The proposal would make California the only state without a welfare program and cost the state more than $3.7 billion in federal funds to save $1.2 billion in state expenditures. For those reasons, many people considered the elimination a negotiating ploy.

Schwarzenegger and Republican lawmakers still say publicly that the state can't afford CalWORKs, which is heavily subsidized by the federal government but not required. Democrats have used the elimination as a prime example of why they think Schwarzenegger's May budget isn't very realistic.

But in an interview last week, Senate President Pro Tem Darrell Steinberg suggested that Republicans have backed away from the CalWORKs elimination in private talks. He noted that Republicans are now asking for $500 million in CalWORKs cuts - short of the $1.2 billion CalWORKs elimination.

Steinberg mentioned Republicans are also seeking $500 million in cuts to state-subsidized child care -- thereby also backing off the $1.2 billion child-care elimination in Schwarzenegger's budget.

Schwarzenegger spokesman Aaron McLear wouldn't confirm or deny that the governor has proposed smaller cuts but acknowledged that different ideas have been floated.

"We've offered a number of alternatives in the meetings with Democrats, but they've rejected them so far," McLear said.

Steinberg did not say how Republicans would buy down the cuts, only that their proposal didn't pencil out in his view. Democrats have proposed roughly $4.5 billion in new tax revenues, from delaying corporate tax breaks to a complicated shift in tax rates on sales, vehicles and income.

"We have gone through what they have discussed with us, and their numbers don't add up," Steinberg said. "You cannot get there credibly without some form of revenue to substitute for deep, deep cuts, whether it's the complete elimination of programs or it's half a billion dollars worth of cuts to child care or CalWORKs."
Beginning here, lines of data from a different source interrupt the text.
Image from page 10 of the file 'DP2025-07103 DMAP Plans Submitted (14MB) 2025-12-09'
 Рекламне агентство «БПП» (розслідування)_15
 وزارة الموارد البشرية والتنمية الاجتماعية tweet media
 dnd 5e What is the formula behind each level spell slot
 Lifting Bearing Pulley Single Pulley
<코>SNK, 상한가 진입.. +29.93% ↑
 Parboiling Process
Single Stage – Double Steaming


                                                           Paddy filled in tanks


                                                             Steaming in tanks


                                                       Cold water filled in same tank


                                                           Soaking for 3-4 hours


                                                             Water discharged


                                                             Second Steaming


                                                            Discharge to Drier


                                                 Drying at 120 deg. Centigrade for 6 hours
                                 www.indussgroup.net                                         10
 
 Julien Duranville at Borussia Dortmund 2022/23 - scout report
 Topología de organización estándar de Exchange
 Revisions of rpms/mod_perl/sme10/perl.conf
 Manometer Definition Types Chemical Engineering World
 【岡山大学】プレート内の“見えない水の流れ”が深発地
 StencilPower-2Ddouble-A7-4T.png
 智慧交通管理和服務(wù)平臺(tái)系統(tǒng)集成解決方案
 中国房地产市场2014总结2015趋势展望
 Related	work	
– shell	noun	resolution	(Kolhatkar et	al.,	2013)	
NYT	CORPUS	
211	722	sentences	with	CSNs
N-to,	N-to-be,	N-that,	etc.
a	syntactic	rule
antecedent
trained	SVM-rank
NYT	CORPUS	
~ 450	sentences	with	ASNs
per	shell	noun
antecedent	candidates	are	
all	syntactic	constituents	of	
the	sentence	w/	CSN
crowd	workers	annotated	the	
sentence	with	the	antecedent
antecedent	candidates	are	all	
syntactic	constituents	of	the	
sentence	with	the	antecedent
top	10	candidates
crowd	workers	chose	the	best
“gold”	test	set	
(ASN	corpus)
Senate Republican Leader Dennis Hollingsworth said he hasn't offered the $500 million welfare cut as a budget alternative, though he said such a proposal "isn't impossible" if Democrats target other programs.

"If the Democrats don't want to cut the $1.2 billion that's on the table from CalWORKs, then they need to find other places to cut," Hollingsworth said. "So if they find other cuts that make the budget stable and reach a sustainable level of spending, then a $500 million cut to CalWORKs isn't impossible. I'm just of the philosophical bent that we should not be raising taxes in order to preserve welfare programs that we can't afford in these times."

It appears that the $500 million cut proposal would rely largely on reducing grants to welfare families by 15.7 percent, a proposal that Schwarzenegger offered in his January budget. The governor also wants to eliminate CalWORKs benefits for legal immigrants who have been in the country for less than five years; the federal government does not pay for those individuals.

Frank Mecca, director of the California Welfare Directors Association, said the governor's grant cut proposal would have severe consequences for poor families.

"Right now, in nominal dollars, grants today are exactly where they were 20 years ago," Mecca said. "So we're talking about a cut that would put poor children that much further into poverty. My members are convinced a grant cut of that magnitude would cause widespread homelessness."